While CDWs and superconductivity can coexist in some materials, their interaction can be either cooperative or antagonistic. In some cases, the presence of a CDW can enhance superconductivity, while in other cases it can suppress it.
Cooperative effects
One possible scenario is that the formation of a CDW can lead to an increase in the electron-phonon coupling, which is a key factor in conventional superconductivity. This enhanced coupling can strengthen the attractive interactions between electrons and phonons, thereby promoting the formation of Cooper pairs and increasing the critical temperature for superconductivity.

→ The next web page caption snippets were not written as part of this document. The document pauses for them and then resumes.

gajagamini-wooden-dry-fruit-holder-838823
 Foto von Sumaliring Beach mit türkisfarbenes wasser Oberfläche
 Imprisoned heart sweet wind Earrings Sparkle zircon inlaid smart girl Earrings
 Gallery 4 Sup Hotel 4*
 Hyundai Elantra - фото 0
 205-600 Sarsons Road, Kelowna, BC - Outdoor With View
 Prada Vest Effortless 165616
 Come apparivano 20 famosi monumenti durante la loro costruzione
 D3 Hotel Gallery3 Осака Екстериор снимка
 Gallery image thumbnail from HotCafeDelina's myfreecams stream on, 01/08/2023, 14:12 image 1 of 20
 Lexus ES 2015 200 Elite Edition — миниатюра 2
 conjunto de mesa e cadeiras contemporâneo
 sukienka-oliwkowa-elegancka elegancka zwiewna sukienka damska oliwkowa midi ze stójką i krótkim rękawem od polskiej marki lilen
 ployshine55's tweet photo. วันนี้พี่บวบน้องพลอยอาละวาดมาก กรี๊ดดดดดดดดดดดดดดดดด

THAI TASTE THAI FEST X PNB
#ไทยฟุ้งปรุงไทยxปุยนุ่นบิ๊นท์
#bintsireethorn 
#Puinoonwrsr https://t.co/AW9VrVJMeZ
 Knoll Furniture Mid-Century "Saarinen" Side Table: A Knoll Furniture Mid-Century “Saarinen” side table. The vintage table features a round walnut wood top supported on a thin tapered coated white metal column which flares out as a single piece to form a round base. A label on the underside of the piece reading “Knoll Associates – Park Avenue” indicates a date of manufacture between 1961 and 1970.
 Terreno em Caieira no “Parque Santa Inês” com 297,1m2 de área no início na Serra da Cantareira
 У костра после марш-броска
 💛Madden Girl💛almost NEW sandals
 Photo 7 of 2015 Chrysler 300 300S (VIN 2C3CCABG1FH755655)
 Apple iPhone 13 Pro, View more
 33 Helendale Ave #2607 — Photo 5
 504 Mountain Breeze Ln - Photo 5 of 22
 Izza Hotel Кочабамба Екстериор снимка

Additionally, in certain materials, the periodic charge density modulation associated with a CDW can open up gaps in the Fermi surface, resulting in the formation of new electron pockets. These new electron pockets can contribute to the overall superconducting properties of the material.
Antagonistic effects
On the other hand, the presence of a CDW can also have detrimental effects on superconductivity. For instance, the periodic potential associated with a CDW can lead to the scattering of Cooper pairs, disrupting their coherence and hindering the superconducting state.
Furthermore, in some cases, the formation of a CDW can introduce additional electronic states that compete with the superconducting ground state, making it energetically less favorable. This can lead to a suppression of superconductivity or even its complete disappearance.
The interplay between CDWs and superconductivity is highly material-dependent and can vary widely depending on the specific properties and characteristics of the system. Therefore, it is necessary to study each material individually to understand the intricate relationship between these two phenomena.